Textbook question 5J.5

Postby Paige Lee 1A » Mon Jan 13, 2020 1:39 pm

Could someone please explain why parts D and E have different answers? Why is part E not "no change" also?

Haley Dveirin 1E
Posts: 101
Joined: Sat Jul 20, 2019 12:17 am

Re: Textbook question 5J.5

Postby Haley Dveirin 1E » Mon Jan 13, 2020 2:00 pm

Part E is different from part D (no change) because there is 1 mole of the gas on the reactant side but two moles on the product side (looking at the sum of the coefficients, not the sum of the total number of elements) and therefore the reactants would be favored if the pressure was increased because there are less moles of gas.

Brian Tangsombatvisit 1C
Posts: 119
Joined: Sat Aug 17, 2019 12:15 am

Re: Textbook question 5J.5

Postby Brian Tangsombatvisit 1C » Mon Jan 13, 2020 2:47 pm

Keep in mind that this method of determining the direction of the reaction can only be used if the pressure is increased via compression.

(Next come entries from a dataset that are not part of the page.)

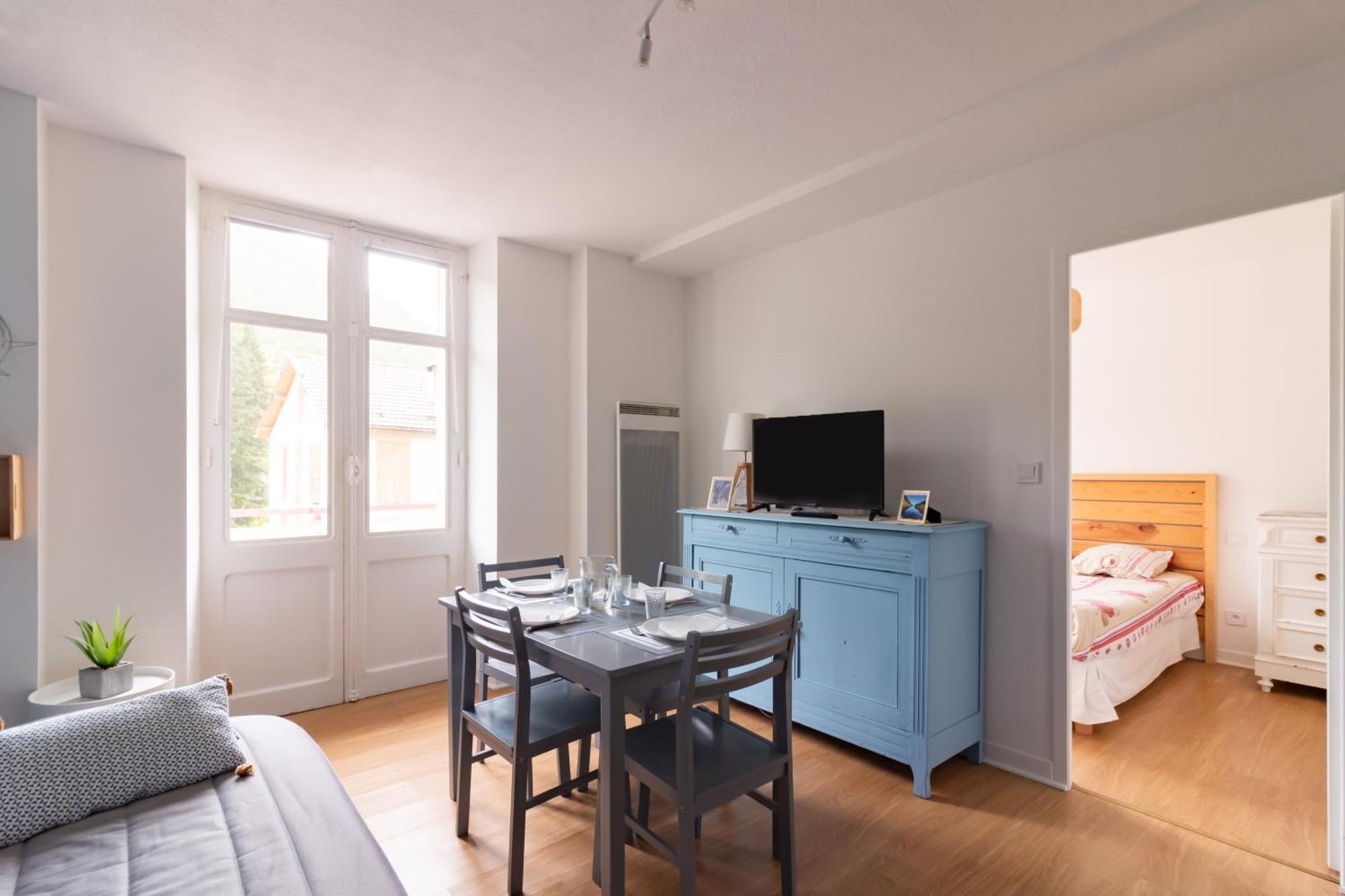 O Des Montagnes - Vue Montagne Station A Pied Apartment Ax-les-Thermes Exterior foto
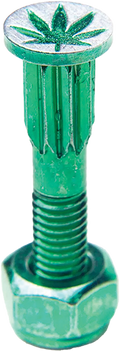SCREW CITY HARDWARE SET 1" SWEET LEAF GREEN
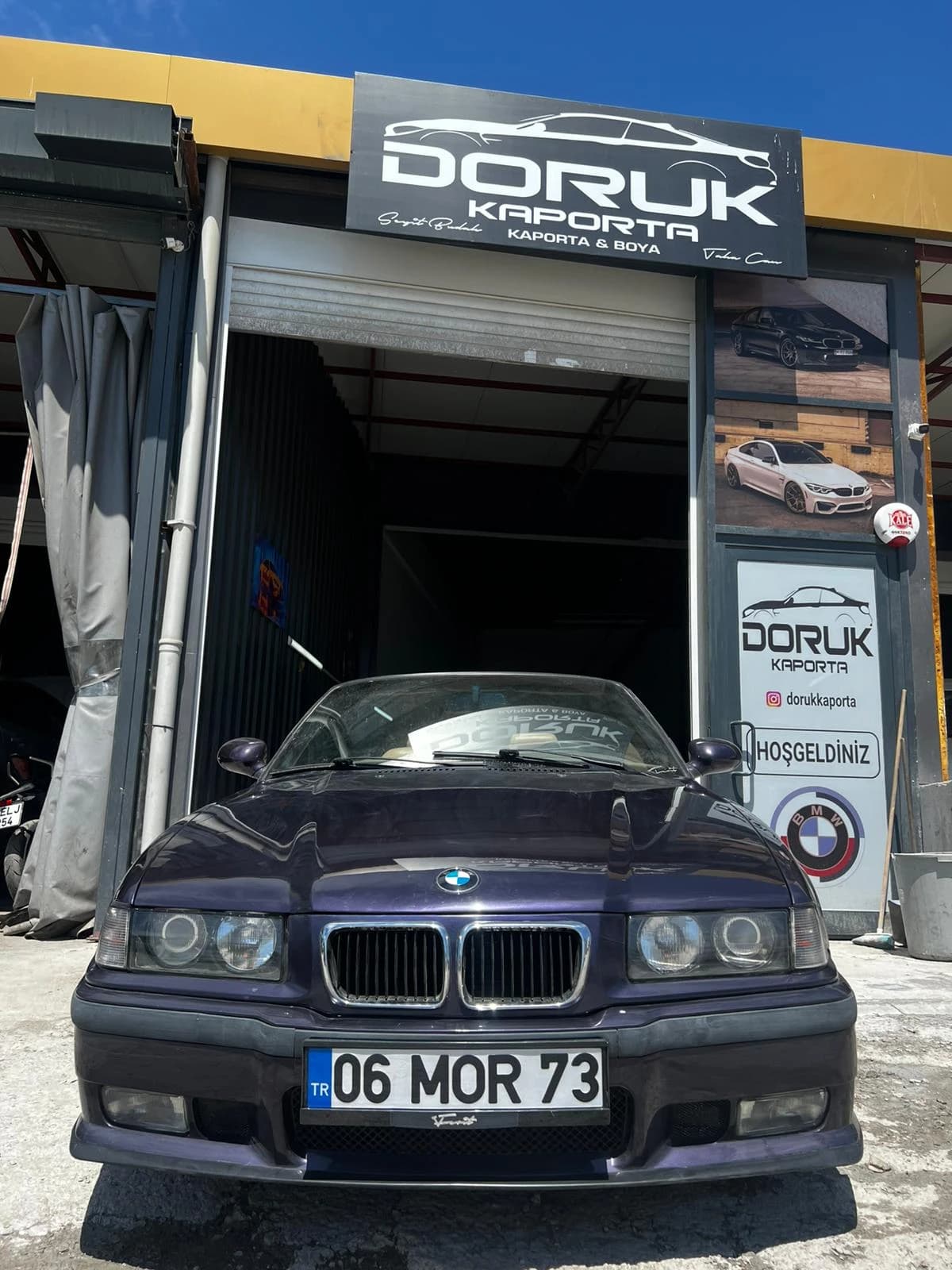 Doruk Kaporta Boya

If the pressure were to be increased by the addition of inert, noble gases, then this would have no effect of the reaction. The real reason why compression forces the reaction to change is because this compression affects the volume all of the gases (decreasing volume), increasing concentration of each gas since concentration = n/V. Increasing concentration this way would cause the reactant quotient to change, making it differ from K. Depending on whether the new Q > or < K will allow you to explicitly determine which way the reaction will have to proceed to offset the increase in pressure caused by compression.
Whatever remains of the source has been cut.